Wednesday, July 7, 2010

LONG TERM TEST: ROCK SHOX DOMAIN 318

Specs: 180mm travel, 1.5 head tube, 20mm maxle.
Price: $575.00

There's really a lot of options these days when it comes to the 180mm fork market. Offerings from Marzocchi, Rock Shox and very recently Fox, have really given riders a lot more to choose from. On the lower end of the price spectrum, there's really only two options: The Rock Shox Domain 318 and the Marzocchi 66 RCV. Last year, when I was finally fed up with my useless Manitou Sherman, I opted for the Domain.

The first thing I noticed was the ease of tuning. Preload and rebound damping were only slightly altered from their stock settings before I was entirely happy with them. I prefer a very soft preload setting, and a moderately small amount of rebound damping, and these settings were dialed in with ease. The key to these adjustments is their simplicity and wide range. When lending my bike out to riders of other weights and riding styles, I could easily return to my settings without the difficulty I experienced with the Sherman or any other air fork.

The ride quality was a very noticeable upgrade from the Sherman, and in my opinion, superior to the 66 RCV. Rock Shox's Motion Control system works well in most park riding scenarios that beginner or intermediate riders would come across.

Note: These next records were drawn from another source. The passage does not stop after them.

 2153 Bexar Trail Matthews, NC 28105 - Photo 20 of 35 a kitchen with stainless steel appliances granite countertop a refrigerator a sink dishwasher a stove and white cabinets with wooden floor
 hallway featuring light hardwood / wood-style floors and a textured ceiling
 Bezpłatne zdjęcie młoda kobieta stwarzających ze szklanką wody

Its only downfall is a bit of deflection and a less solid feel when really pounding through technical rock gardens at higher speeds, which I only noticed on black diamond trails at Diablo. However, it's not intended as a race fork, and it's expected that it would fall a bit short in this department. In every other situation, it really is buttery smooth and very solid.

I mentioned that I prefer a relatively soft preload. I'm by no means a lightweight at over 200 lbs, and my fork's settings would definitely be suited to a rider in the range of about 160 lbs. With this in mind, I haven't had the issues that I'm used to with bottoming out. I love riding drops, and even 6-8 footers don't cause the harsh clunk I became accustomed to with lesser forks set up the same way. I've only managed to bottom this fork out twice, both times at Wisp, where the landings of their drops are much flatter than usual.

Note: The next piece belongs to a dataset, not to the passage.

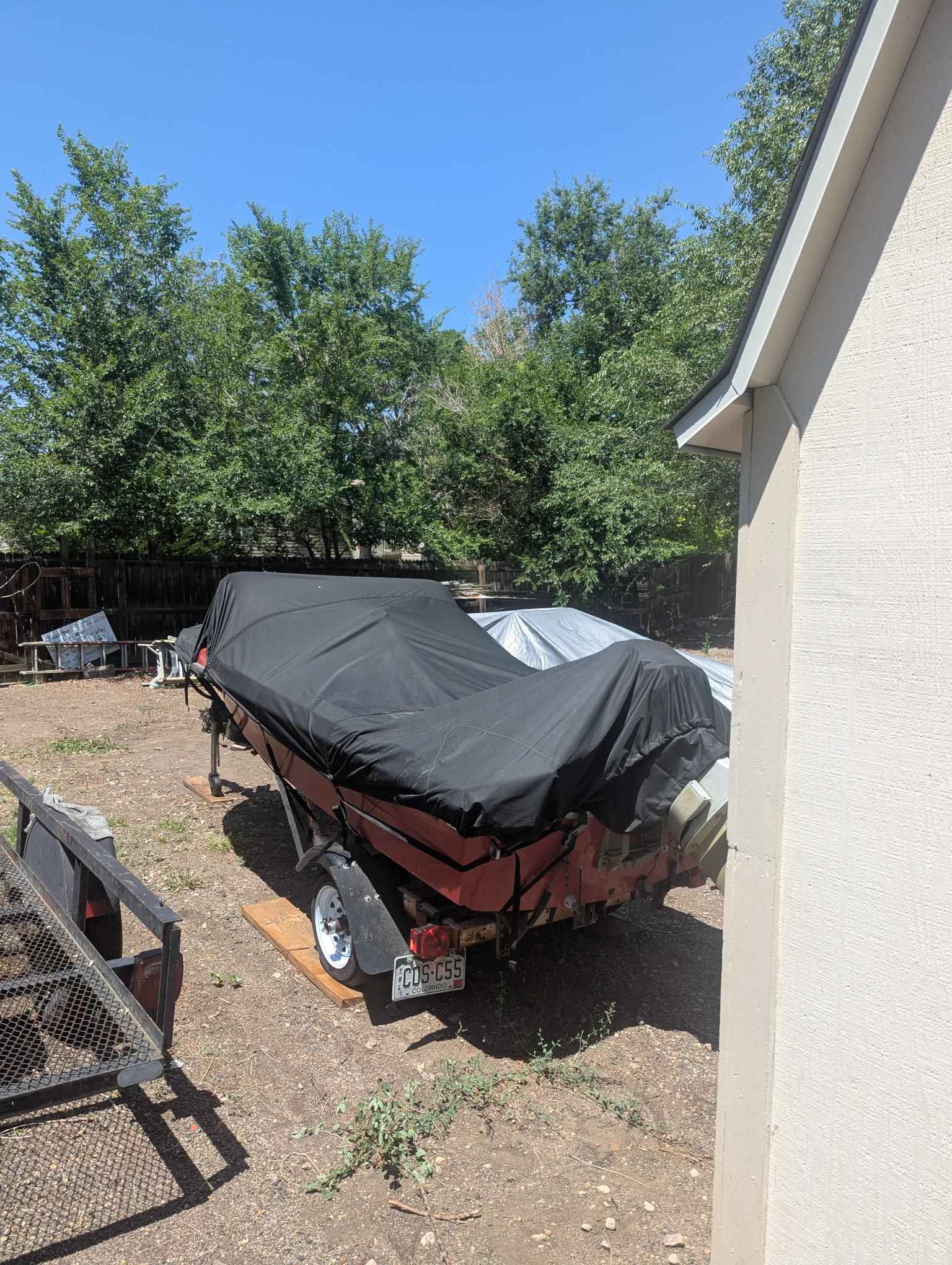 A 1972 14-foot Swiss Craft runabout, covered and parked on a trailer outdoors.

I've had the fork for one year at this point, and I've literally done zero maintenance to it. From late May to early November, I'm typically on my bike for at least two or three hours, 3 or 4 days a week, and I'm not one to properly clean and maintain anything I own. I can say with full confidence that it still rides the exact same way it did the day I bought it. This is in stark contrast to the many 66's, 888's and even Totems I've seen blow up after only a few weeks, spewing fork oil all over the place and causing a giant catastrophe, not to mention weeks away from the bike. I'll probably be applying some RedRum to the Domain's seals some time soon, if only a preventative measure to keep them from drying out.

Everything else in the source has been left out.